How Much Does It Cost to Charge an EV at Home?

Charging an EV at home costs the energy you add times your electricity rate, plus a small loss for charging inefficiency. Enter your own rate and the math is straightforward and exact.

Results are estimates for planning and education, based on your inputs and standard engineering values (AWG resistance, NEC ampacity, resistivity). Electrical work can be dangerous and is governed by the NEC and your local code — verify all sizing with a licensed electrician and your authority having jurisdiction (AHJ). Not a substitute for professional design.

The basic idea: energy times your rate

Charging an electric vehicle at home is, at heart, the same calculation as running any appliance: the energy you draw from the wall multiplied by the price you pay per kilowatt-hour. The only wrinkles are that you usually charge a portion of the battery (say 20% to 80%) rather than the whole thing, and that some energy is lost as heat during charging so the wall draws a little more than reaches the battery. This site never hardcodes electricity prices: you enter your own rate, which keeps the answer correct no matter how tariffs change.

The formulas

Start with the energy that must reach the battery:

energy to battery = battery kWh × (target% − start%) / 100

Account for charging losses with an efficiency factor (about 0.9 is typical for Level 2 home charging) to get the energy actually pulled from the wall:

energy from wall = energy to battery / efficiency

Then the cost is just the wall energy times your rate, and the charge time is the battery energy divided by the charger’s power:

cost = energy from wall × rate | charge time = energy to battery / charger kW

Worked example: 60 kWh battery, 20% to 80%

Take a 60 kWh battery charged from 20% to 80% on a 7.2 kW Level 2 charger at 90% efficiency, and suppose your rate is $0.15 per kWh (substitute your own):

Energy to battery: 60 × (80 − 20) / 100 = 60 × 0.6 = 36 kWh.
Energy from wall: 36 / 0.9 = 40 kWh.
Cost: 40 × $0.15 = $6.00.
Charge time: 36 / 7.2 = 5.0 hours.

So this 60% top-up adds about 36 kWh to the battery, pulls 40 kWh from the wall, costs six dollars at the example rate, and takes five hours. The EV Charging Cost calculator runs these numbers with your battery size, charge window, charger power, efficiency and rate.

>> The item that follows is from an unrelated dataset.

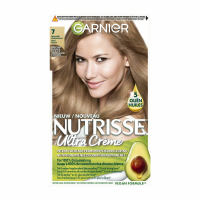 3X Garnier Nutrisse Ultra Crème Permanente Haarkleuring 7.0 Natuurlijk Blond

Why home charging is cheap

Home charging is almost always the least expensive way to fuel an EV, because residential electricity rates are far below the per-kWh price of public DC fast charging. Charging overnight on an off-peak or time-of-use rate, where available, cuts the cost further — you simply enter that lower rate. Because you supply the rate, the calculator reflects your exact situation, including solar self-consumption (enter a very low or zero rate for energy you generate yourself).

Charge time and charger level

Charge time depends on the charger’s power, not the cost. A Level 1 (120 V) charger delivers roughly 1.4 kW and is slow — good for overnight top-ups of a few percent. A Level 2 (240 V) home charger delivers anywhere from 3.8 to 11.5 kW and handles a full daily replenishment overnight. In the example, halving the charger to 3.6 kW would double the time to 10 hours while leaving the cost unchanged, because the same energy is delivered either way.

Cost per mile, the figure that matters

The cost of a single charge is useful, but the number that lets you compare an electric car with a gasoline one is the cost per mile. To find it, divide the energy a trip consumes by the distance, then multiply by your rate. Many electric vehicles use somewhere around a quarter to a third of a kilowatt-hour per mile, so a car that uses thirty kilowatt-hours per hundred miles costs thirty times your rate to drive that hundred miles. Because you supply the rate, the calculator reflects your exact situation, and the comparison with gasoline becomes a simple matter of dividing the fuel cost per mile each way. For most drivers on residential power the electric cost per mile comes out a fraction of the gasoline figure.

Why off-peak rates change everything

Charging is one of the few large household loads you can shift in time, and that flexibility is valuable wherever a utility offers time-of-use pricing. If overnight power is cheaper than daytime power, scheduling the charge for the off-peak window can cut the cost of every mile substantially, and most vehicles and home chargers can be set to start at a chosen hour. Because the calculator takes the rate you enter, you can run the numbers at your peak rate and again at your off-peak rate to see the difference in dollars over a year of driving. This is also where home charging pulls furthest ahead of public fast charging, which is priced for convenience rather than for the low overnight cost of residential energy.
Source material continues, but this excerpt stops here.